New Delhi, Sep 3 (Representative) Textiles exports should increase three times and cross US$ 100 billion while domestic production needs to rise to US$ 250 billion at the earliest, Union Minister Piyush Goyal said on Friday. Commerce and Industry Minister Goyal told exporters that the government is always open to consider all industry requirements. “We must aim to increase textiles exports three times from the present export value of US$33 billion to US$ 100 billion of textiles exports at the earliest,” he said during an interaction with the textile industry players. The government has set a US$44-billion target for the textile sector in FY22.
Goyal said the Textile Ministry is working closely with the Ministry of Finance to resolve the issue of old dues on incentives for exporters. The contours of the Production-Linked Incentive (PLI) Scheme for Textiles and MITRA Parks Scheme are at an advanced stage of approval. The Minister noted that India has been showing signs of robust economic recovery as the GDP in the April-June quarter grew by a phenomenal 20.1 per cent. Also, there has been 90 per cent growth in total FDI inflow in the first three months of FY22 as compared to the same period last year. “The merchandise exports in August 2021 is $ 33 billion, which is up by 45 per cent over 2020-21 and up 27.5 per cent over 2019-20 and merchandise exports for April-August 2021 is $164 billion, up by 67 per cent over 2020-21 and up 23 per cent over 2019-20,” Goyal said.
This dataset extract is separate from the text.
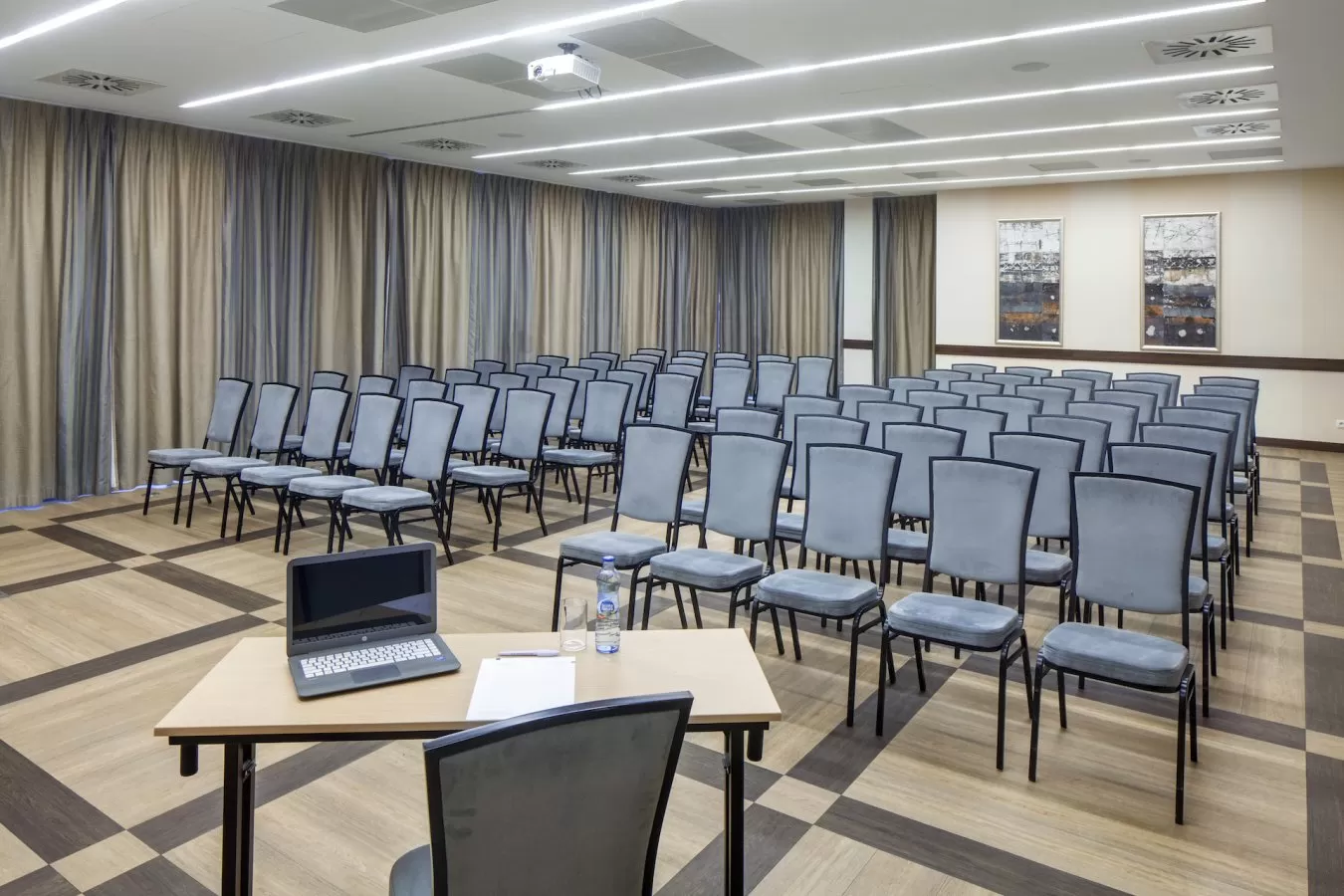 Iloma salami konferencyjnymi dysponuje Hotel Arkon i na ile osób maksymalnie można zorganizować w nich konferencję?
The Minister said free trade agreements (FTAs) were progressing fast on many fronts and he had been personally interacting with the UK, EU and Australia to expedite FTAs/preferential trade agreement (PTAs). “It will provide new avenues to build a loyal customer base,” he said. Apparel Export Promotion Council (AEPC) Chairman A Sakthivel said Indian apparels currently face duty disadvantages and FTAs will help increase exports from the country. Sakthivel said apparel lines should be included in the early harvest deals being negotiated with the EU and UK. “Compared to zero duty for apparels from Turkey, Bangladesh, Cambodia and Pakistan, Indian apparels face a duty disadvantage of 9.6 per cent in these regions,” he said and added that other FTAs need to be fast tracked as well.